こちらが繊維メーカーの4-6月決算です。
大幅減益の帝人と東洋紡に対して、東レが大幅増益と繊維業界は東レの一人勝ちのように見えます。
しかし東レもハンガリー子会社の株式譲渡に伴い計上した238億円が利益を押し上げており、それらを加味しない事業利益では24.9%減益と繊維メーカー各社ともに今期は苦戦していることが伺えます。
各社原料高や中国のロックダウン、半導体不足による自動車減産の影響を色濃く受けているのです。
塗料・インクメーカー
続いては塗料・インク業界を見てみましょう。
塗料、インクはともに顔料や合成樹脂を原料とする化学製品ですが、塗料は車や建材に使われ、インクは書籍やパッケージなどに使用されているようです。
決算期は異なりますが、こちらが塗料メーカーの日本ペイント、関西ペイント、印刷インキメーカーDICの1-6月決算です。

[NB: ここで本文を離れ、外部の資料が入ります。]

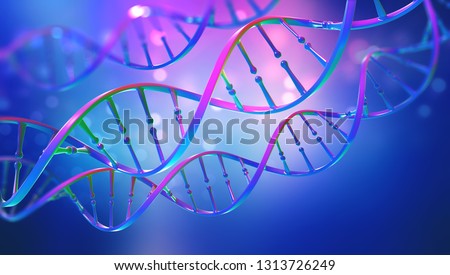 DNA. Study of gene structure of cell. Bright neon light. DNA molecule structure. 3D double helix illustration. Genetic engineering of the future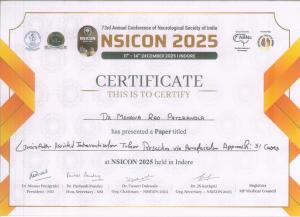 NSICON 2025 certificate awarded to Dr Mohana Rao Patibandla for presenting BrainPath-assisted parafascicular intraventricular tumor surgery series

こちらも各社増収減益であり製品値上げや円安が売上高を押し上げましたが、原料高に製品値上げが追いつかず、自動車の減産なども減益に寄与しました。
化粧品・トイレタリー業界
最後は化粧品・トイレタリーメーカーです。
こちらも決算期は異なりますが、トイレタリー首位の花王、ユニ・チャームに化粧品トップの資生堂についても、営業利益は二桁減益となっており、各社苦戦している状況となります。
川下に位置するメーカーは価格転嫁が遅れるため、原料高の局面では苦戦する傾向にあるのです。

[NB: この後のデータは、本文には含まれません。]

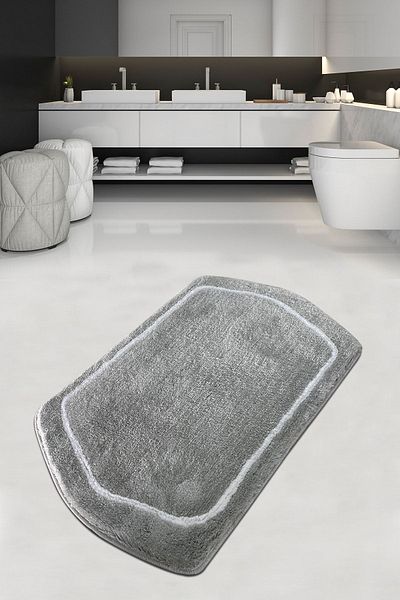 Chilai Home Χαλί μπάνιου Genom Grey Acrylic - 70x120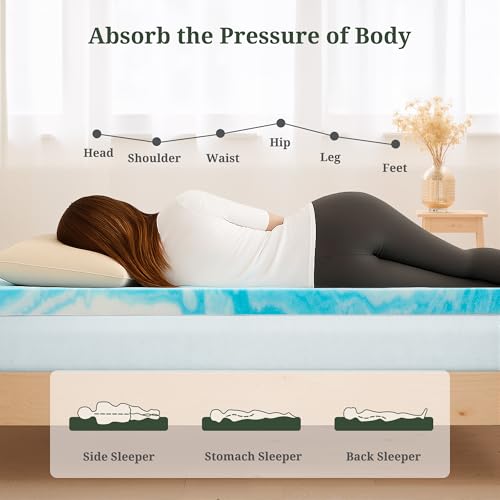 Blue SageNest 4-Inch Gel Memory Foam Mattress Topper Queen Ventilated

なお通期予想についてはユニ・チャームのみ増益予想としており、詳しくは過去記事で解説しています。
総括
以上のメーカーについて営業利益をまとめたものがこちらです。
今回紹介した23社中14社が減益となっており、各社利益面では原料高に苦戦しています。
増益となった企業でも、株式譲渡益のある東レ、為替差益の大きな積水化学を除くと大きく成長しているのは信越化学と日産化学、三菱ガス化学の3社だけと言えるかもしれません。
なお農薬、ヘルスケアが堅調であった住友化学やカネカ、インドで売り上げを伸ばした関西ペイントなども逆風下において前年並みの利益としており、成長領域に期待がかかります。
さて、ここまでの決算を総括すると、世界経済の回復や円安の恩恵を受けて多くの企業が売上高を伸ばす形となっていますが、高止まりする原燃料価格の影響を受けて製品値上げが追いつかず、各社利益面では苦戦していますね。
加えて自動車減産や中国のロックダウン、スマホなどの最終製品で需要軟化が見られるなど好況であった2021年とは一変して、2022年は時代の潮目に差し掛かっていると見られます。
化学業界では扱う製品が多岐に渡るため同じ業界でも好調の企業と不調の企業が存在する特徴があり、概ねの企業が増益であった2021年と比較すると今期は命運が別れる事になりそうですね。
なお下記企業は今回の決算で業績予想を上方修正しており、農薬やヘルスケアといった機能製品の売上増が原料高をカバーする見通しのようです。
各社の今後に期待されますね。
終わりに
以上が今期の化学業界の決算でした。
コロナ禍からの回復基調は見られているものの、依然として先行きは不透明であるのに対してデジタル技術の急成長や地球環境問題、社会課題など取り巻く環境の変化は大きく、そして早くなっています。
この激変の時代にどう対応するかで、今後の企業の成長も変わってくるのでしょう。